§ **TASK ITEM**
Only the lines below between the one holding "The current node is 5." and the one holding "A case is listed", inclusive, are to be reproduced word for word; the pictures are to be left out.

[Saved data entries]
Start of Block
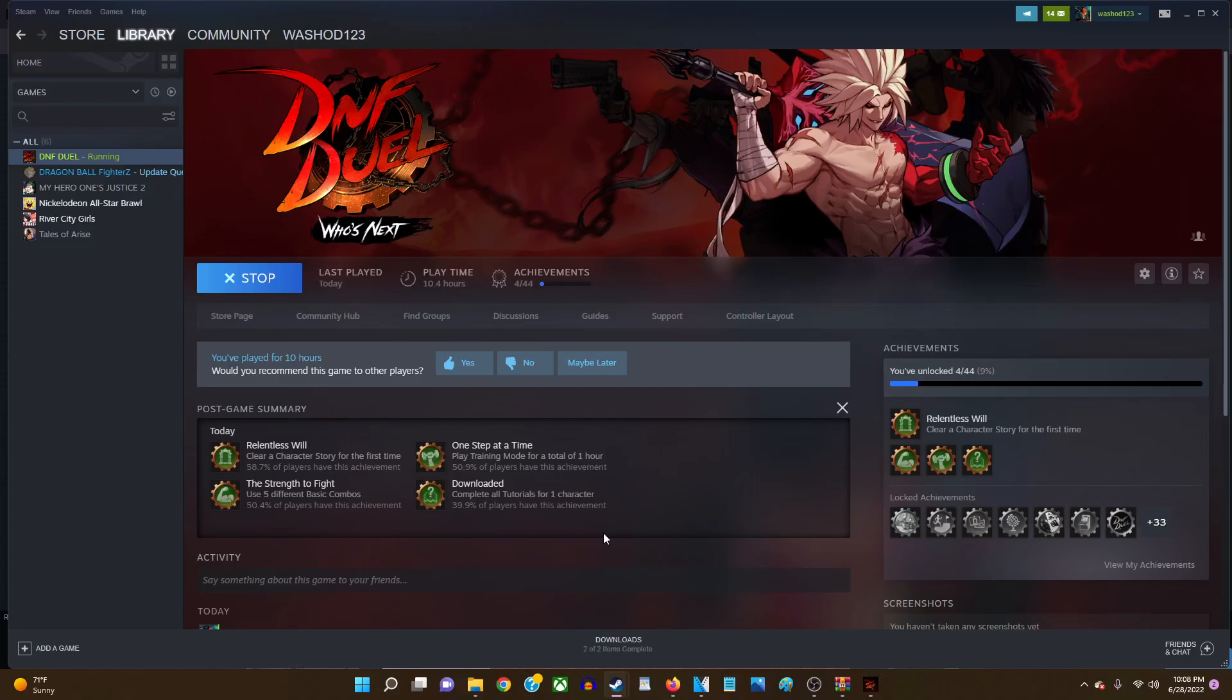All right, what's going on everybody? So today I'm gonna be teaching you guys how to mod DNF Duel. This game hasn't even been out for a full 24 hours yet. It's only been like 18 hours or so and the mods.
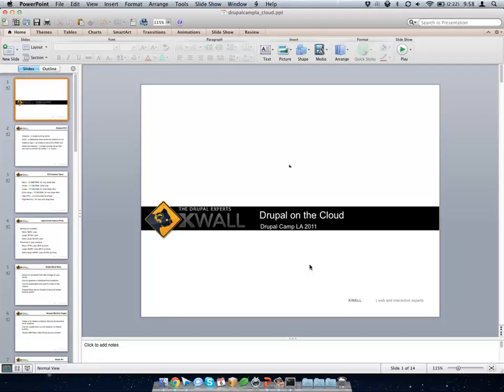It's 10 o'clock. Hi, I'm Patrick Wall. I'm with Kay Wall, one of the sponsors here. I'm the CTO there. We do primarily Drupal development.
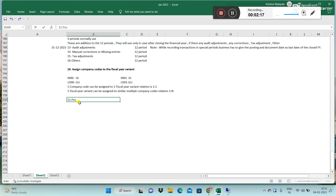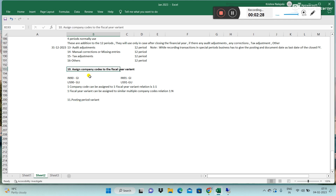Next, we need to create a Posting Period Variant. A posting period variant is essentially a complete configuration set for your 12 periods in a fiscal year.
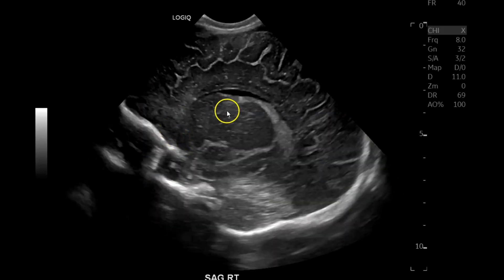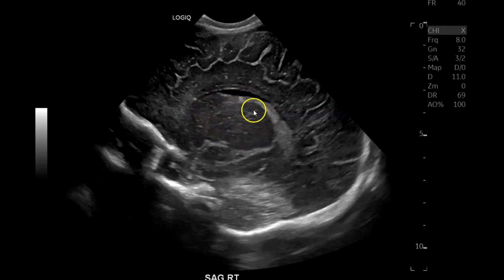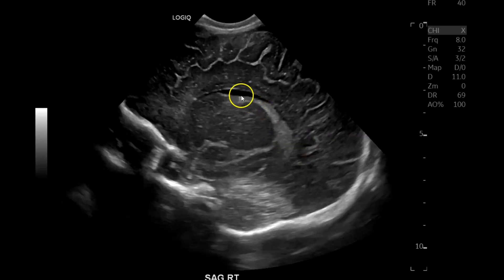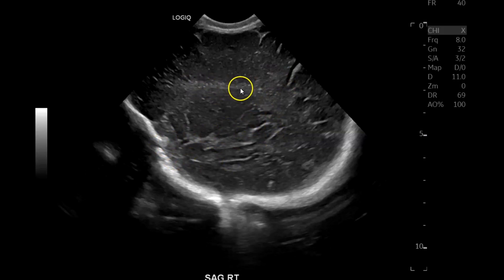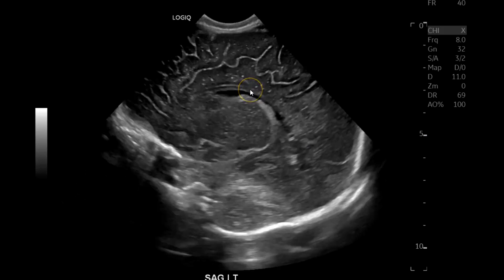Going anterior to posterior, then I go to the right to show the caudal thalamic groove, caudate nucleus, thalamus, choroid plexus in the lateral ventricle, and then all the way to the lateral part of the right side — the Sylvian fissure and periventricular white matter.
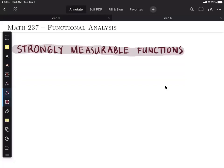You might recall from your real analysis course the construction of the Lebesgue integral, wherein in order to define the Lebesgue integral of a function, first that function must be measurable. In the previous lectures we have defined the Lebesgue-Bochner integral of a function from one set to another set, but we have not talked about measurability yet. In this lecture we aim to connect the two concepts: measurability and integrability.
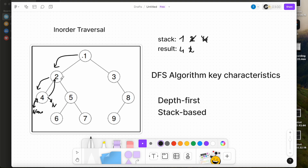The current node is 5. We push 5 onto the stack and move left. The current node is 6. We push 6 onto the stack and move left. Left is none, so we have to come back and pop from the stack to the result.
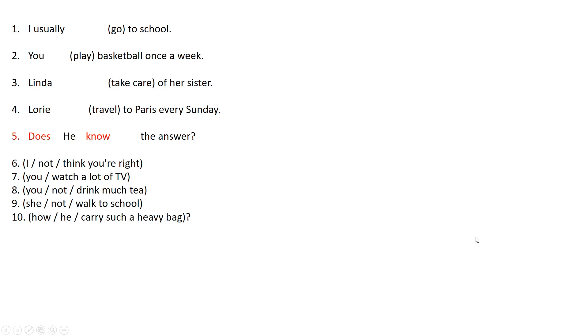Hello guys and welcome to another class. In this class we're going to have some exercises of simple present. So we will have to complete these next sentences so they have a meaning.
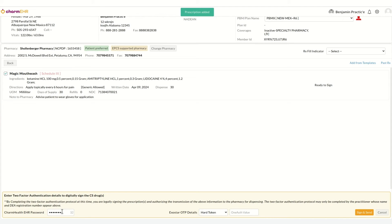The first factor is your CharmHealth EHR account's password. The second factor can be either the soft token AUTHI app OTP, or the hard token OTP obtained during the EPCS registration process. In this video, the hard token OTP option is being used to sign the controlled substance drug. After completing the two-factor authentication, click on the Sign and Send button to digitally sign the drug and electronically transmit the prescription to the pharmacy.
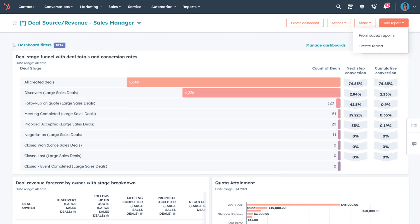First on our list is HubSpot's reporting assistant. Imagine you need to create a sales quarterly performance report, but you're short on time. Don't fret — our reporting assistant can lend a helping hand.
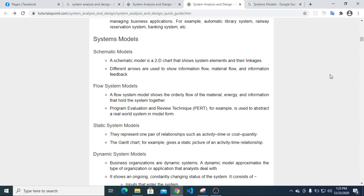A static system model represents one pair of relationships, such as activity and time. It is a static type of data model that represents relationships like cost and quantity. The Gantt chart, for example, gives a static picture of an activity-time relationship.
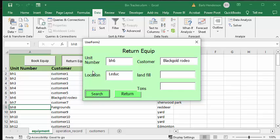And there you go - your bin's in Leduc and it's rented by Black Gold Rodeo. Okay, so it's going to the Leduc landfill.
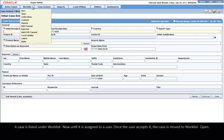A case is listed under Worklist – New until it is assigned to a user. Once the user accepts it, the case is moved to Worklist – Open.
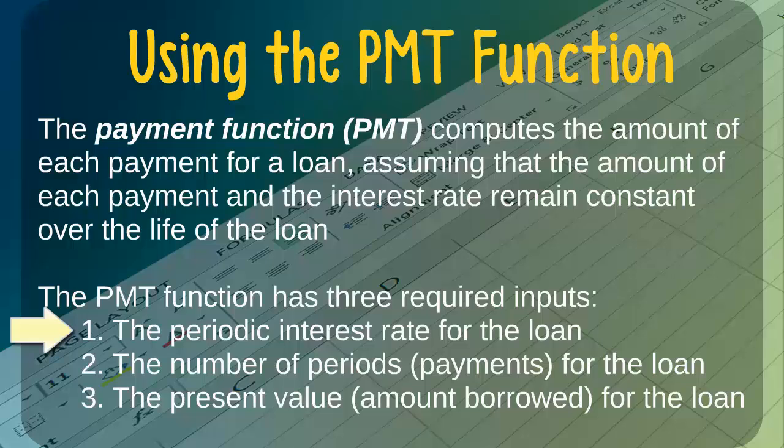For example, if the annual interest rate for the loan is 6% and we are making one payment each month, or 12 payments per year, then the periodic interest rate would be equal to 6% divided by 12, or 0.5% per payment.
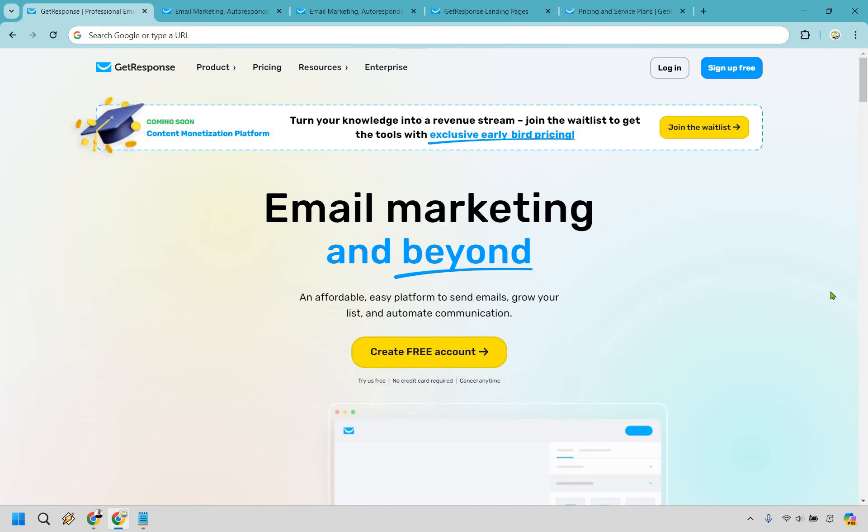Welcome to my GetResponse review. I'm going to be giving you a demo of some of the most popular features and of course my opinion about this email marketing platform overall.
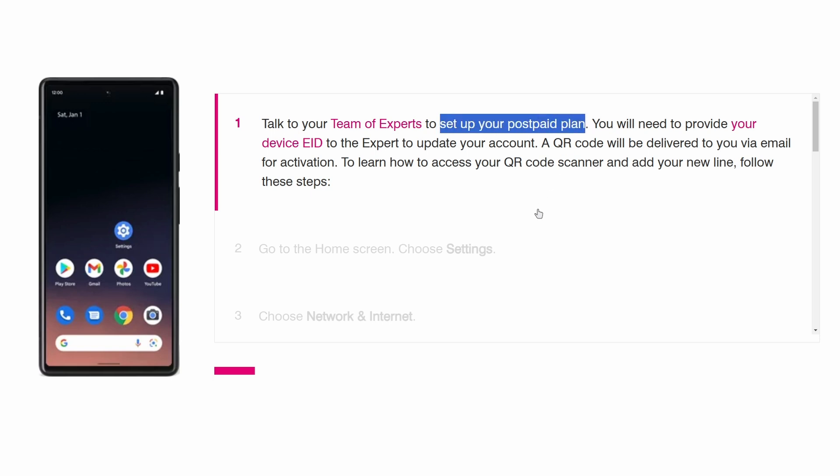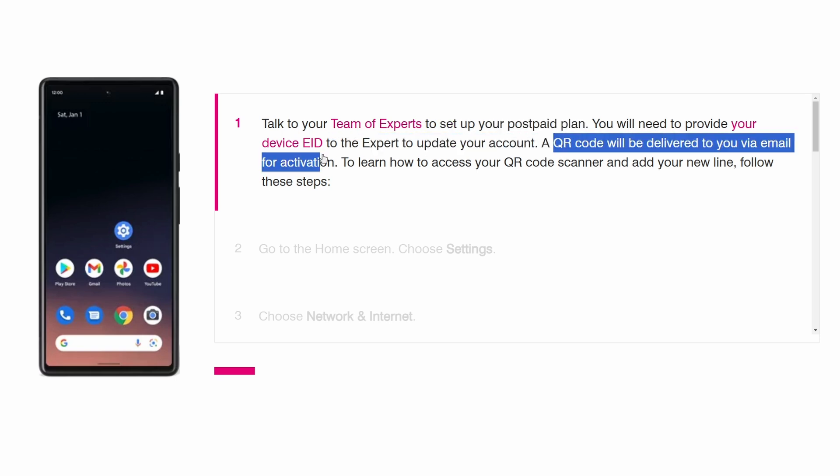Start by contacting T-Mobile's team of experts and provide them with your device's eID so they can update your account. Once your account is updated, they'll send a QR code to your email for activation.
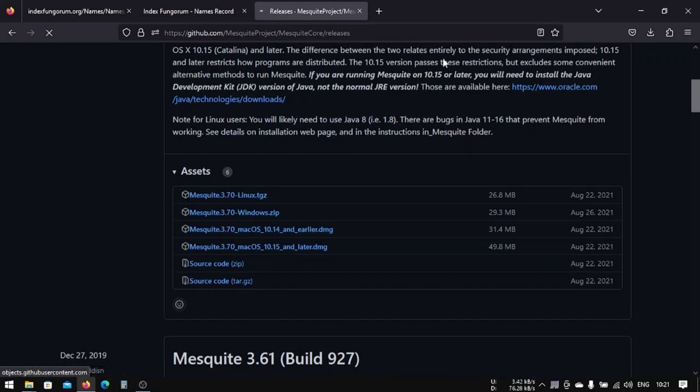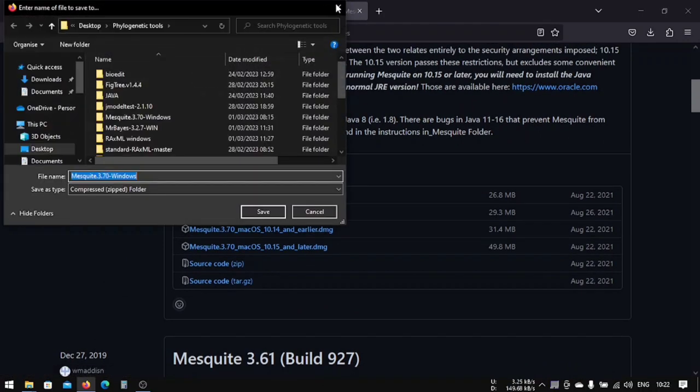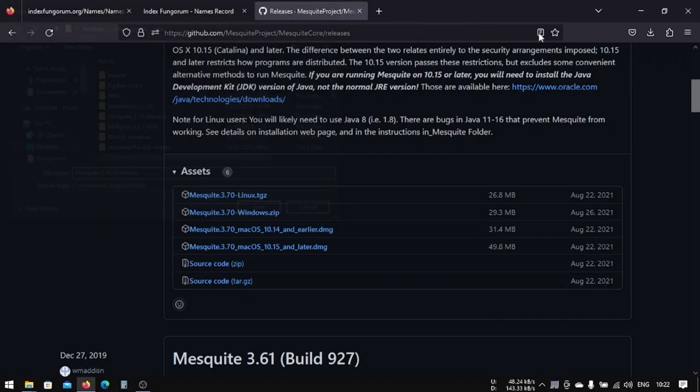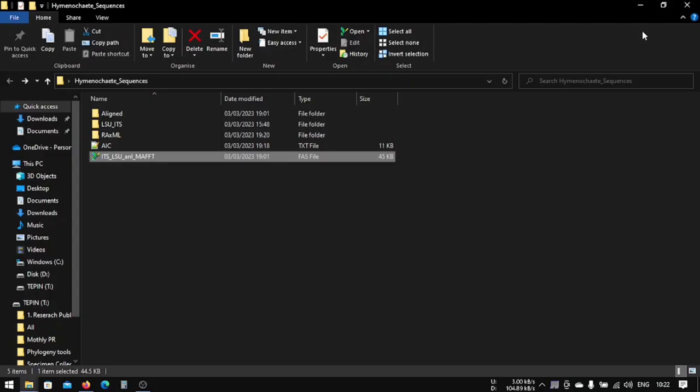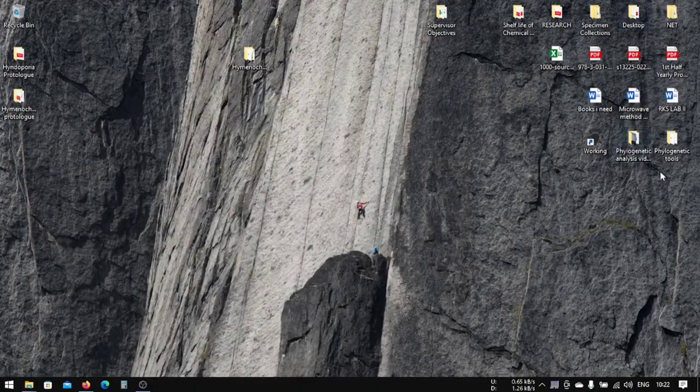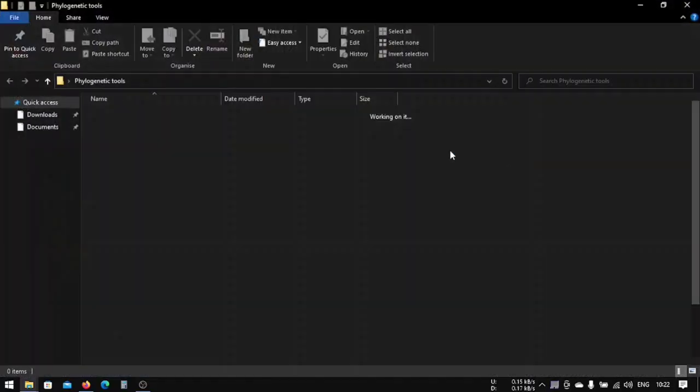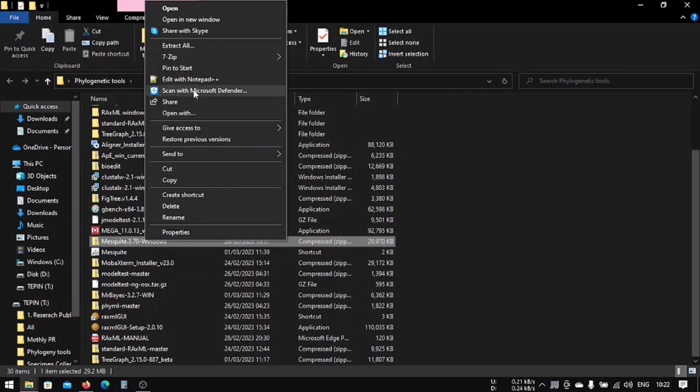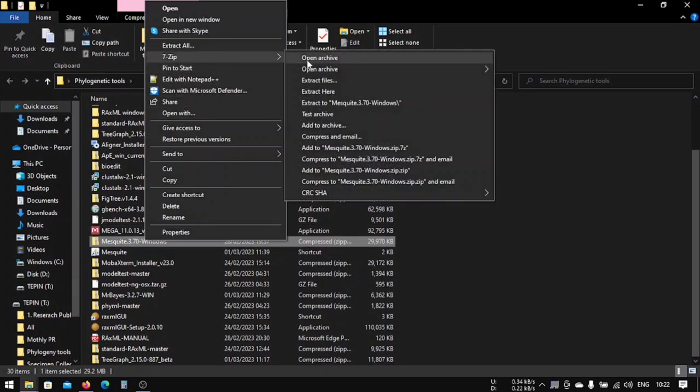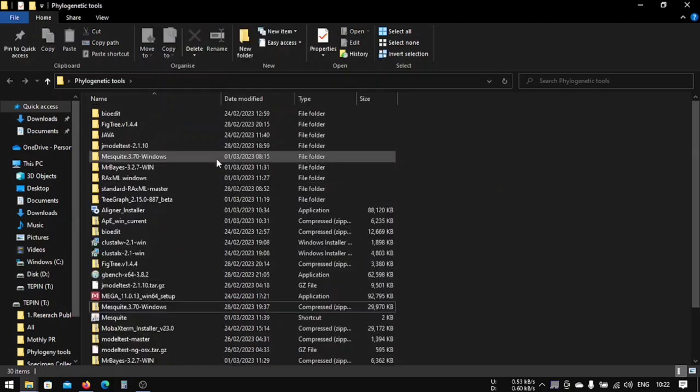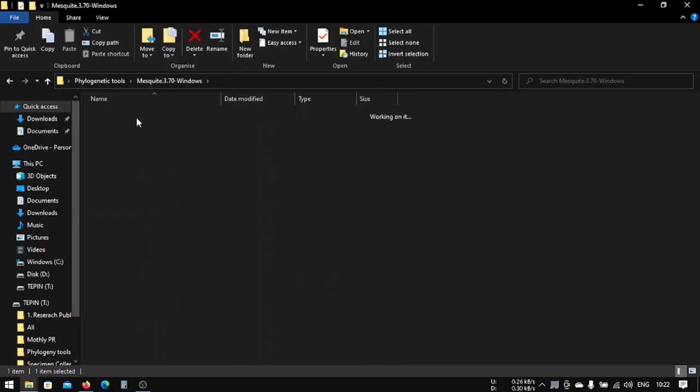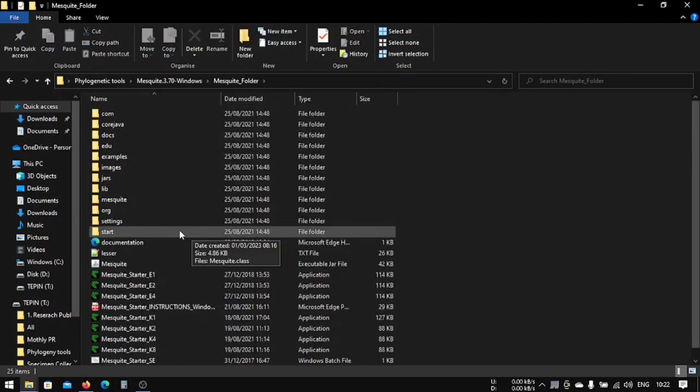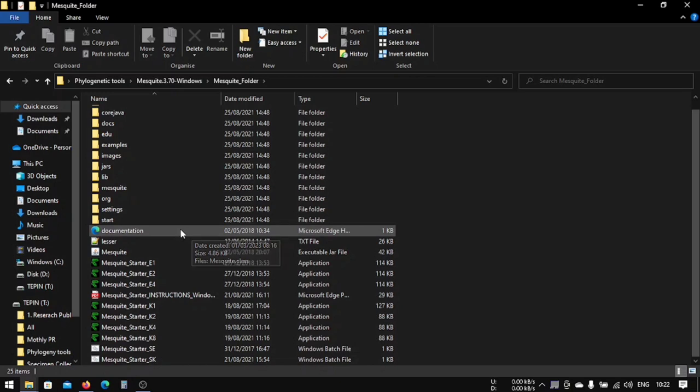I have already downloaded this, so I won't be downloading. I'll just show you where I have downloaded. After downloading, you will get something like this. You have to uncompress it using your decompressor, and then you will get something like this.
End of Block
§ **WRITTEN RESPONSE**
The current node is 5. We push 5 onto the stack and move left. The current node is 6. We push 6 onto the stack and move left. Left is none, so we have to come back and pop from the stack to the result.
Hello guys and welcome to another class. In this class we're going to have some exercises of simple present. So we will have to complete these next sentences so they have a meaning.
The first factor is your CharmHealth EHR account's password. The second factor can be either the soft token AUTHI app OTP, or the hard token OTP obtained during the EPCS registration process. In this video, the hard token OTP option is being used to sign the controlled substance drug. After completing the two-factor authentication, click on the Sign and Send button to digitally sign the drug and electronically transmit the prescription to the pharmacy.
First on our list is HubSpot's reporting assistant. Imagine you need to create a sales quarterly performance report, but you're short on time. Don't fret — our reporting assistant can lend a helping hand.
A static system model represents one pair of relationships, such as activity and time. It is a static type of data model that represents relationships like cost and quantity. The Gantt chart, for example, gives a static picture of an activity-time relationship.
And there you go - your bin's in Leduc and it's rented by Black Gold Rodeo. Okay, so it's going to the Leduc landfill.
A case is listed under Worklist – New until it is assigned to a user. Once the user accepts it, the case is moved to Worklist – Open.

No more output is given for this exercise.